Dabei sind die Grenzen zwischen Wahrheit und Fiktion nicht wirklich erkennbar. Das macht (mir) aber nichts. Im Gegenteil: es zeigt, wie gut es Herrn Schmidt gelingt, „in einem Fluss“ zu schreiben – was man zwar bei einem gelernten Journalisten voraussetzen kann, jedoch nicht (das zeigt die Erfahrung) muss *g*.
In sparsamen, jedoch einfühlsamen und inhaltsschweren Worten und Sätzen reist Herr Schmidt an den Ort seiner Kindheit und erinnert sich dort u. a. an seinen tiefbraunen sprich nazitreuen Lehrer, der es schaffte, zwischen Vater und Sohn eine Kluft zu schaffen, die ein Leben lang nicht mehr zusammenwachsen sollte. Und doch ist das Buch eine Hommage an einen Vater, der widersprüchlicher nicht sein kann bzw. konnte.
Selbstkritisch reflektiert Felix Schmidt das Unverständnis seinerseits gegenüber dem Vater, der sich vehement gegen Hitler und seine todbringenden Schergen gewehrt hat – auch in der Nachkriegszeit, als viele Westen von Nazis „rein gewaschen“ wurden und alte, teils hochdotierte Posten wiederbekamen, als sei nichts gewesen. Dieses System funktioniert heutzutage leider immer noch (zu) gut…Felix Schmidt beschönigt nichts, agiert kindlich-naiv ohne Weitblick; aber woher soll man als Kind/ Jugendlicher auch diesen Blick auf die Welt hernehmen?
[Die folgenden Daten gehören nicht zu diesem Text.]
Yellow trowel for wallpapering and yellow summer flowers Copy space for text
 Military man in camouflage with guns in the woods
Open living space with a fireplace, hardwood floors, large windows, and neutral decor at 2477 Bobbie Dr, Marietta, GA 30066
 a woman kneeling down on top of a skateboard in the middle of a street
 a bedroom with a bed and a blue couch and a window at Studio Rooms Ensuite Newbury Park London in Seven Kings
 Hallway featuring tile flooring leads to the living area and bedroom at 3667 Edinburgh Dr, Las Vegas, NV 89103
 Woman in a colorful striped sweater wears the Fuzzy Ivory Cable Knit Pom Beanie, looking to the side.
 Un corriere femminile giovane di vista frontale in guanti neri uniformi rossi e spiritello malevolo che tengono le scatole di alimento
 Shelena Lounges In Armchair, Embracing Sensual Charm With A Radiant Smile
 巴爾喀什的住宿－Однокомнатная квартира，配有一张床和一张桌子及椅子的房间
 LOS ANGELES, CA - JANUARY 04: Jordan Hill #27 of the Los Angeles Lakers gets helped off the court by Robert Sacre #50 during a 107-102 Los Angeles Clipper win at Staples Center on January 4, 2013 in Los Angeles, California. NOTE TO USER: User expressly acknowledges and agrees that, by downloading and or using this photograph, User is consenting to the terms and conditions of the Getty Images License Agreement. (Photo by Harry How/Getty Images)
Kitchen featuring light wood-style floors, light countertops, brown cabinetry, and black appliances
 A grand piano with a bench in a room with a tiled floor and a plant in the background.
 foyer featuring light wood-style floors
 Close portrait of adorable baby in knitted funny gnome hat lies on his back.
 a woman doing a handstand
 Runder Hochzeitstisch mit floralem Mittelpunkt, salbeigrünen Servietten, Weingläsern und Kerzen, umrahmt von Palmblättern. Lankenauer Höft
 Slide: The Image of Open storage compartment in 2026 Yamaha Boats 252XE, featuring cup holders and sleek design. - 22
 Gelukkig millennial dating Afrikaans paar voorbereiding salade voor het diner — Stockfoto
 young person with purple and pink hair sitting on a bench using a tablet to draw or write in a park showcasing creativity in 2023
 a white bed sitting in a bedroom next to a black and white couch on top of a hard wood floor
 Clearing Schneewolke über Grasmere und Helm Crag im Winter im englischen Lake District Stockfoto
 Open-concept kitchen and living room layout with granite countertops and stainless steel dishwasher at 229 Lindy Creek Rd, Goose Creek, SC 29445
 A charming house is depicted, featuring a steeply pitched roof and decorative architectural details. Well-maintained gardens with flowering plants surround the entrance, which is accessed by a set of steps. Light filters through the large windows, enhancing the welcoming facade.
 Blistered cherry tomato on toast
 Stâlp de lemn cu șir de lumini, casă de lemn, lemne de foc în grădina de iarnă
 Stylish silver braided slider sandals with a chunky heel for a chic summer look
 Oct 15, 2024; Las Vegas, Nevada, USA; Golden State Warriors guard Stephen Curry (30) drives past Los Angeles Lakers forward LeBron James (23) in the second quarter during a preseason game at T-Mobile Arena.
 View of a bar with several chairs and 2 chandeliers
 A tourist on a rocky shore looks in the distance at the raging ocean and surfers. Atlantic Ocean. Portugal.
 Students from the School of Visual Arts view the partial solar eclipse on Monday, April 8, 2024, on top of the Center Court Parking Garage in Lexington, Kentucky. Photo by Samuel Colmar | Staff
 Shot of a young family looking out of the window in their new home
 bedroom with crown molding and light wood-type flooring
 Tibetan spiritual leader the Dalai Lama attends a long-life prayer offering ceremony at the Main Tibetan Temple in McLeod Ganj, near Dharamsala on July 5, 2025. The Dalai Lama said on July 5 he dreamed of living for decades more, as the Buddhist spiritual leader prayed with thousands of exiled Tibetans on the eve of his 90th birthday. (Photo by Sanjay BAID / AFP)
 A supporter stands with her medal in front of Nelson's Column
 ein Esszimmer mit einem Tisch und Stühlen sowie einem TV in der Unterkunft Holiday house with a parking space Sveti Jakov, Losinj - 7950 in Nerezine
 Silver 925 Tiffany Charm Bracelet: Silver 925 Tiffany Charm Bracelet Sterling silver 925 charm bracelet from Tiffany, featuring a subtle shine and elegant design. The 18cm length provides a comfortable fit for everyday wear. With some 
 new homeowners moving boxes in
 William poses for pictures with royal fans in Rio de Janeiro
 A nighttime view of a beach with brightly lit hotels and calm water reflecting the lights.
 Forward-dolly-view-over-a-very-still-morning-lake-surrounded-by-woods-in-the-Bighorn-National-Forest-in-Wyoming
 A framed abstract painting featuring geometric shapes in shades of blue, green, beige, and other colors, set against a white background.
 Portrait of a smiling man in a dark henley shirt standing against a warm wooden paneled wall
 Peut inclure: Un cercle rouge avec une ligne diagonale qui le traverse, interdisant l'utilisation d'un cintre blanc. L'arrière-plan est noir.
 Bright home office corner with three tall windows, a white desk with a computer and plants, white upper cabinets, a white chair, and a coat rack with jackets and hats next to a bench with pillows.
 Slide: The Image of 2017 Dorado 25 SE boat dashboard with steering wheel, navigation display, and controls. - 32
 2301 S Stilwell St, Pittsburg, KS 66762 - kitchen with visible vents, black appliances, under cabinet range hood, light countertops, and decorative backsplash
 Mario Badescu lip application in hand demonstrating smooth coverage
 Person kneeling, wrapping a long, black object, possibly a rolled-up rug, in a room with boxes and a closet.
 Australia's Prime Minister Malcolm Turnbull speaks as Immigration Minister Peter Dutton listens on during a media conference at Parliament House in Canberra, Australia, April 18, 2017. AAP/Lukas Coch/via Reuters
Einzige „Konstante“ in seinem jungen Leben war die Großmutter, die versuchte auszugleichen „[…] was die Eltern mir an Liebe nicht geben konnten.“ (S. 19). Die Bescheidenheit der Großmutter spiegelt sich auch in einem Absatz wieder, in dem Felix Schmidt in wenigen Sätzen, dafür aber voller Emotionen und Dankbarkeit, ihren Tod verschriftlicht hat. Intensiver und wertschätzender geht´s nicht.
Am Ende steht er „[…] wieder vor dem Haus, in das ich hineingeboren wurde und wo ich nach einer schweren Geburt den ersten Schrei ausstieß.“ (S. 152) und fragt sich ob „[…] von der Angst, die ich in diesem Haus ausgestanden habe, etwas zurückgeblieben [ist].“ (S. 154)
Und so endet nach knapp 160 Seiten ein Buch, das – so kurz es auch ist – durch seine Intensität der gewählten Worte mehr an Inhalt bietet als manch 600 Seiten-Roman!
Außergewöhnlich, intensiv, großartig – die Liste ließe sich beliebig verlängern.
Glasklare 5* und eine absolute Leseempfehlung! Und klarer Kandidat für die „King´s Crown Juwels 2022“!